## Required work
Below are entries. Give back exactly the lines from the one containing "Car Tissue Box" through the one containing "80~90's Levi's デニムジャケット アーカイブ集", inclusive, without the pictures.

## Provided data
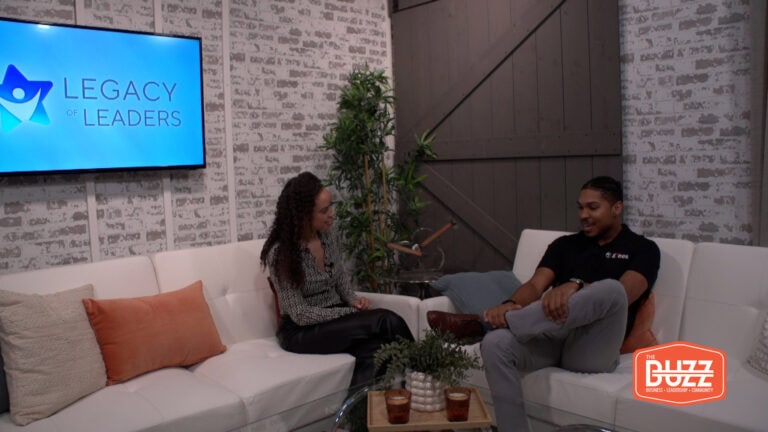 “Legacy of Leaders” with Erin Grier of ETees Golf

...

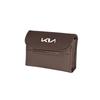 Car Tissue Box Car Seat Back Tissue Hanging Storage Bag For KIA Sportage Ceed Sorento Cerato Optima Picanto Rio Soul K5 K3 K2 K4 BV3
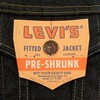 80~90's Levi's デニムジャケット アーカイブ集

## Result of this exercise
 Car Tissue Box Car Seat Back Tissue Hanging Storage Bag For KIA Sportage Ceed Sorento Cerato Optima Picanto Rio Soul K5 K3 K2 K4 BV3
 80~90's Levi's デニムジャケット アーカイブ集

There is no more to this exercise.